Fierté interne. Cette démarche globale sert aussi la politique RH de Danone. Même si peu de salariés participent concrètement aux projets (environ 1% des 102 000 collaborateurs dans le monde), il y a un effet de «contagion positive». Lorsqu’on sait que le directeur commercial de Danone Belgique a passé six mois au Sénégal pour aider une laiterie à structurer sa force de vente, que le directeur marketing Asie de l’eau est aussi (à 40% de son temps) chef de projet Danone Communities en Inde et au Cambodge, forcément cela génère un sentiment de fierté, plutôt inhabituel dans une multinationale. «Plus de 85% de nos salariés se sentent en accord avec les valeurs de l’entreprise, ce qui nous place dans le top 5 au niveau mondial», assure-t-on au siège. Si Danone se défend d’organiser des grand-messes sur ces projets, l’entreprise évoque régulièrement le sujet et chaque filiale informe ses équipes des actions en cours via une newsletter. Ces programmes offrent aussi à Danone un avantage en matière de recrutement, auprès des jeunes diplômés comme des cadres expérimentés. «Beaucoup admettent que cela fait pencher la balance au moment de poser leur candidature», explique Jean-Christophe Laugée.
Boîtes à idées. Enfin, les trois fonds mis en orbite par Danone lui servent de laboratoire.
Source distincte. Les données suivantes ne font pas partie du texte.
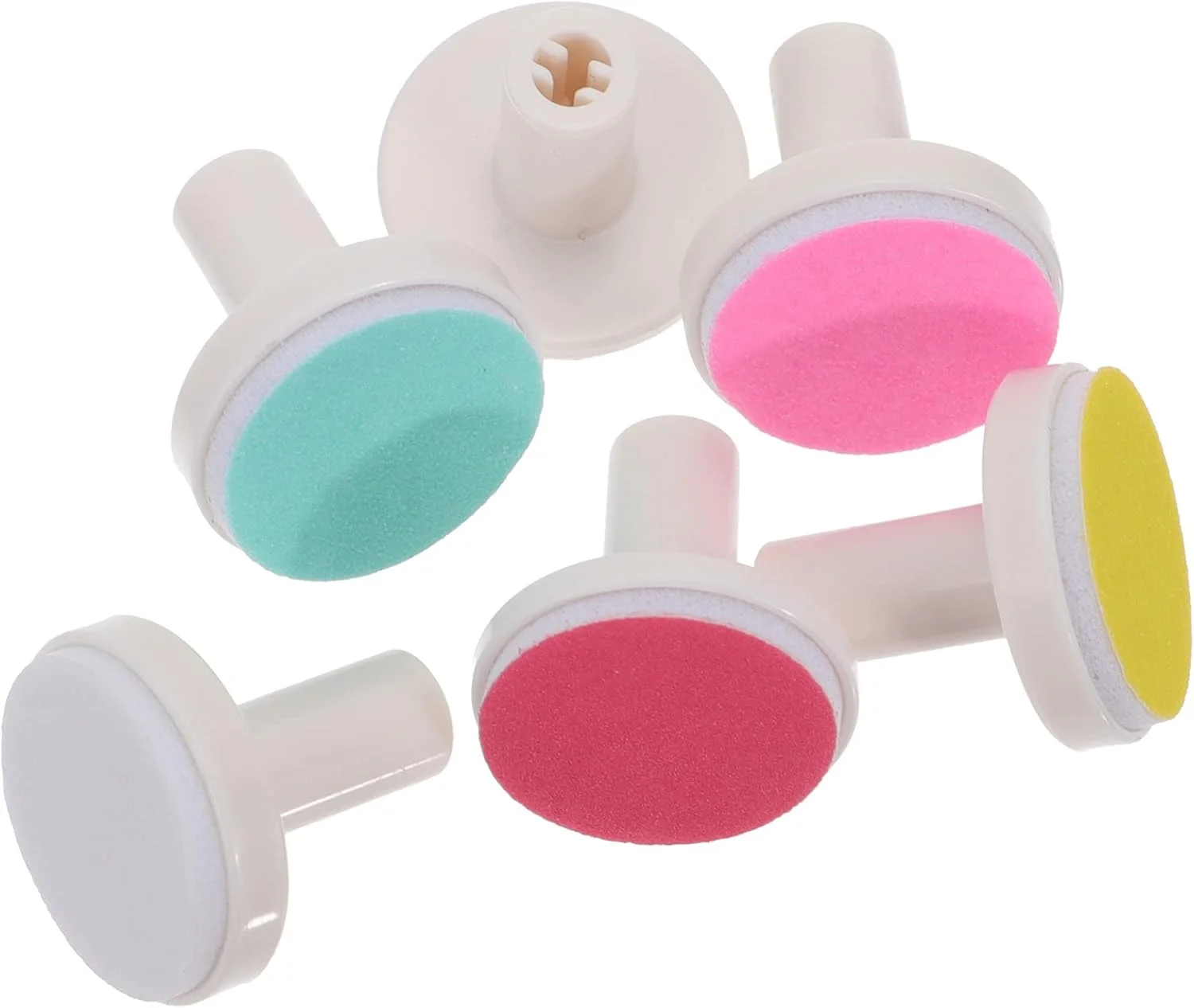 24 عدد پد سوهان ناخن نوزاد، سری های سنگ زنی ناخن برقی نوزاد، پدهای جایگزین ماشین اصلاح ناخن برای نوزاد تازه متولد شده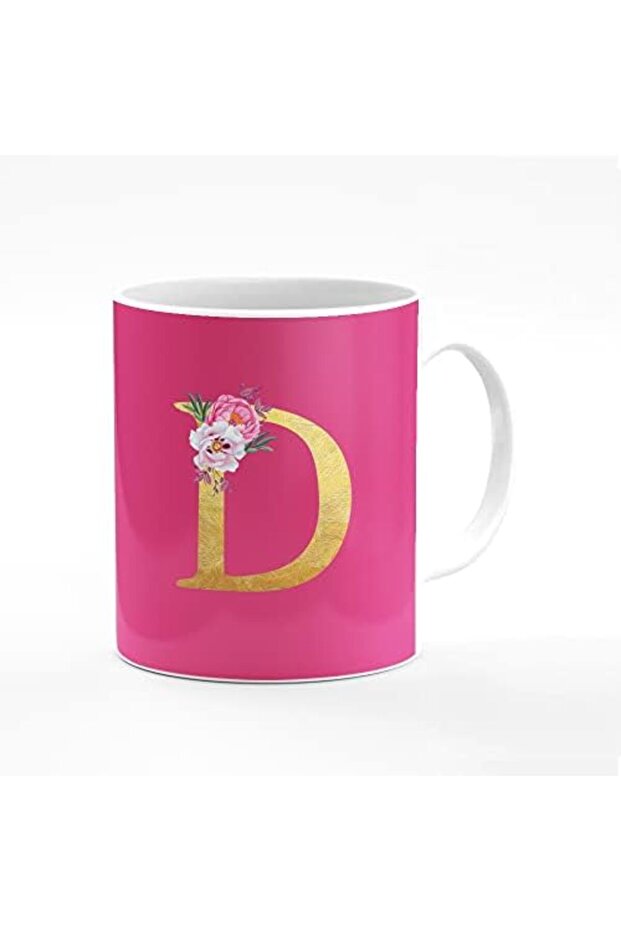 Designer Printed Coffee Mug 11oz Ceramic Personalised Gift Mugs Cup -Custom Monogram Initi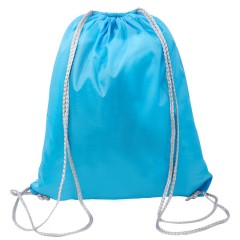 Рюкзак мешок со светоотражающей полосой RAY, голубой, 35*41 см, полиэстер 210D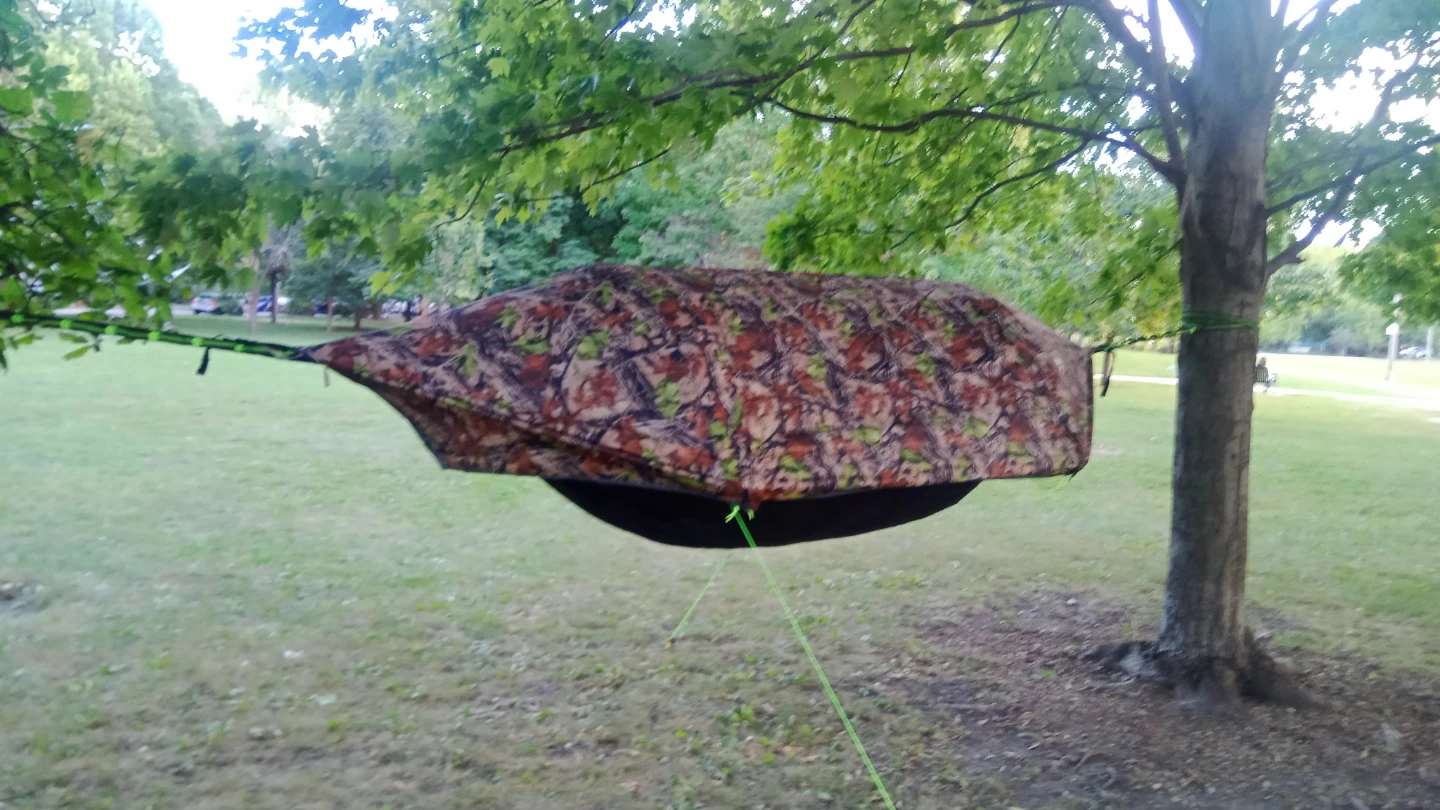 Rivenlo Camping Hammock Tent with Mosquito Net & RainFly - photo 2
L’équipe indienne qui préparait l’ouverture de la filiale locale en 2010 s’est ainsi inspirée de ce qui avait été réalisé au Bangladesh par la Grameen Danone Foods, et cela tant au niveau du format de l’usine, que des produits, du marketing et de la distribution. En 2012, c’est Evian qui a eu l’idée de livrer des packs d’eau à domicile en France, après avoir étudié un programme de vente en porte-à-porte de yaourts imaginé… au Mexique.